The Network is strongly complementary to the current development of metadata systems for European collections under the BioCISE project (funded under Framework Programme 4).  BioCISE is identifying biological information resources (collections and databases), cataloguing interdisciplinary biodiversity database expertise, and providing guidelines for the incorporation of collection information in databases. BioCISE has been operating at the level of the collection - coverage, characteristics and other information - and working with a particular data model to develop a consistent metadata system for collections. ENHSIN will be developing access at the level of the specimen, and it is essential that development is compatible with outputs of the BioCISE initiative for the collections. The important difference from BioCISE is that while BioCISE deals with harmonized approaches to information on a collections scale, ENHSIN addresses the need for common access to information on the actual specimen. Both kinds of information are important to users and part of the ENHSIN task will be to address complementarity and possible harmonized development with initiatives such as BioCISE.  A further important difference is in coverage:  BioCISE deals with biological collections, while the collections within EHNSIN have wider coverage - not only biological, but mineralogical. 

There are other electronic information initiatives where complementarity is of importance and which ENHSIN will address. BCIS (Biodiversity Conservation Information System) is an international partnership of 12 organizations that, among other activities, is building a metadatabase for biodiversity data holdings of the partners.  Issues of data management and interoperability are of obvious importance but BCIS is not handling specimen information from collections. IABIN is a similar initiative for North American biodiversity conservation information that is addressing the issue of interoperability of information systems, but is again not addressing specimen information.

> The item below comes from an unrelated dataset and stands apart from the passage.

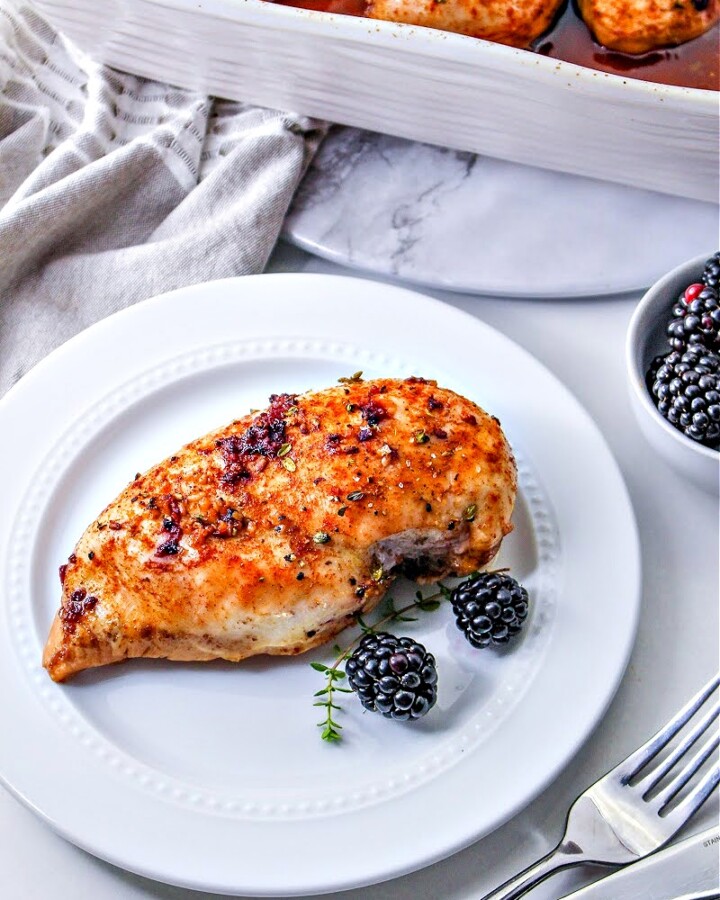A white plate with Keto Blackberry Chicken and 2 blackberries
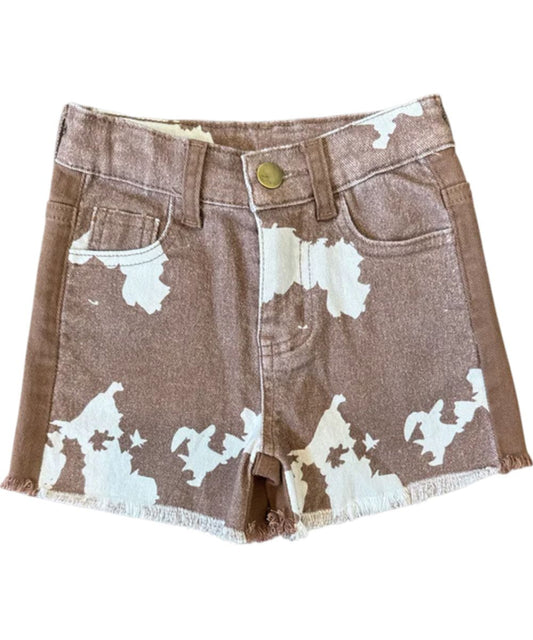 Brown And White Cow Print Front Featuring A Raw Hem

Species 2000 is an initiative that is aiming to provide a uniform and validated quality index of species names for all known species by forming a federation of species databases:  this initiative is supported directly or indirectly by a number of the partners in ENHSIN and is important in knowledge on species and in stabilizing nomenclature, but is not dealing with the specimens themselves that are essential in defining taxonomic names.

There are a number of small initiatives on an institutional level that are providing specimen information.  Some, such as the Catalogue of the Type Specimens of the Dutch herbaria, handle specimen records from several institutions but are not interoperable networks of active databases.  Some limited networks of small databases are being developed on common database platforms - NEODAT II is a good example.  These have not yet addressed the practical problems of a range of database platforms, large collections and diverse users.

The potential for complementarity will be assessed during the Network, and potential collaboration in implementation of the Pilot and in RTD will be evaluated.